Jacobson had not done anything criminal, much less, as her lawsuit points out, had a personal relationship with Stebic. So she hoped she would get by with a reprimand. She knew management valued her: Her contract—a four-year deal—ran out in November, and her boss had already asked for her agent’s name to negotiate a new one. “I thought I’d be suspended, maybe,” she says. “Or nothing at all.”

As of Monday, no one outside CBS-2 and perhaps a few people close to the station had seen the tape. That afternoon, NBC-5 summoned Jacobson to a meeting that included Whittaker, news director Camille Edwards, and an NBC corporate lawyer who was in town on other business. They told Jacobson not to bring her lawyer or agent; only her union rep could join her. “[The meeting] lasted a long time,” Jacobson says. “They mostly asked [about whether] I was having an improper relationship [with Stebic]. ‘Was he in the pool? When? Walk us through the day.’ And they honestly seemed relieved when I told them [everything].”

Then Jacobson was asked to wait while the others conferred privately. When Whittaker and Edwards returned, as Jacobson tells it, they said, “We don’t know what to do.”

“At that point,” Jacobson recalls, “I was just like, shoot me or cut my arm off or something. Just put me out of my misery. I just said, ‘Oh, God.’” They told her, “You’ll hear from us.”

***

Meanwhile, CBS-2 was wrangling over whether to air the tape at all. “Once we got this video it was clear it was provocative, but there were so many questions,” news director Carol Fowler said in an interview on CBS-2 after the Jacobson footage finally aired. “I mean, we could have thrown it on the air, but that wouldn’t have been the right thing to do because there was no context. What was it? Was it newsworthy? We had many, many discussions about that.”

Over the weekend or on Monday, the Jacobson camp got good news. Fowler told Jacobson’s agent, Todd Musburger, that CBS-2 had decided not to air the tape, according to the lawsuit. Hearing that, Kathleen Zellner, the lawyer Jacobson had hired on Saturday, quit work on a temporary restraining order that could have barred broadcast of the footage for at least ten days. Filing the order would have launched a wave of publicity, Zellner reasoned, “and we had been told they weren’t going to air the tape,” she says. (Musburger declined to comment for this article.)

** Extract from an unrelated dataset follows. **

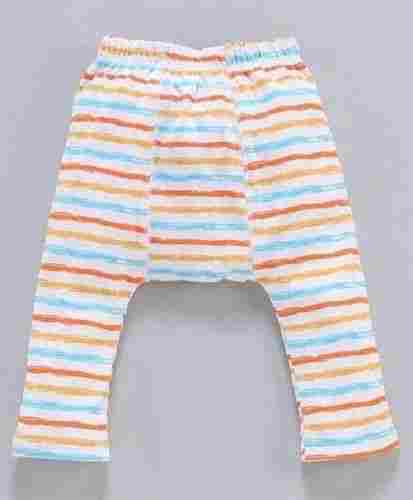 Striped Pattern Baby Cotton Legging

Fowler apparently changed her mind when she learned that both the Sun-Times and Chicago Tribune were working on stories about the tape. “At that point, it met the threshold of a news story, in my judgment,” she said in the TV interview. Fowler gave the go-ahead to air a story about the videotape on Tuesday’s 5 a.m. news.

It wasn’t the first time a news executive had wriggled out of a jam by waiting for another outlet to report a story first. But Fowler’s decision seemed especially weak-kneed to some observers. “A lot of people in my business thought that [Channel] 2 took the chicken route,” says Chuck Goudie. “It was their tape; it was their story. Just the fact that another news outlet is writing about it doesn’t give you clearance to air it. Either you think it’s the right thing to do or you don’t.”

The CBS-2 story on Jacobson showed about 34 seconds of the six-minute videotape, while a reporter, Alita Guillen, narrated over the images. “Neighbors tell CBS-2 that Jacobson has been visiting Stebic’s home frequently since his estranged wife’s disappearance,” Guillen announced. “Why she’s been there is unclear; though she’s covered the story, she never mentioned her social relationship with Stebic or his family.” Michele Weldon, a journalism professor at Northwestern’s Medill School, appeared on camera, too, saying: “Clearly this is a conflict of interest” and “It’s going to make [viewers] wonder what else has she done.”

The story showed images of Jacobson peering out Stebic’s glass door—some thought furtively—followed by a shot of Stebic putting on his shirt. (“It looked like they just finished having sex,” exclaims a journalist who covered the controversy.) The report left many thinking that CBS-2 had it in for Jacobson. “I think [CBS-2] saw those pictures,” Roe Conn said on his radio show the next day, “and they thought, ‘Bang, we’ve got a competitor in a situation that we could create a sense of impropriety around.’”  

By Tuesday afternoon, CBS-2 had aired the story several times and posted it on the station’s Web site—where it would quickly get more than 200,000 hits, becoming the most widely viewed video of the year. E-mails poured into CBS-2 and NBC-5, and CNN ran the video nearly every hour. Back at NBC Tower that afternoon, Jacobson was called in a second time; again, her agent and lawyer were barred from the meeting.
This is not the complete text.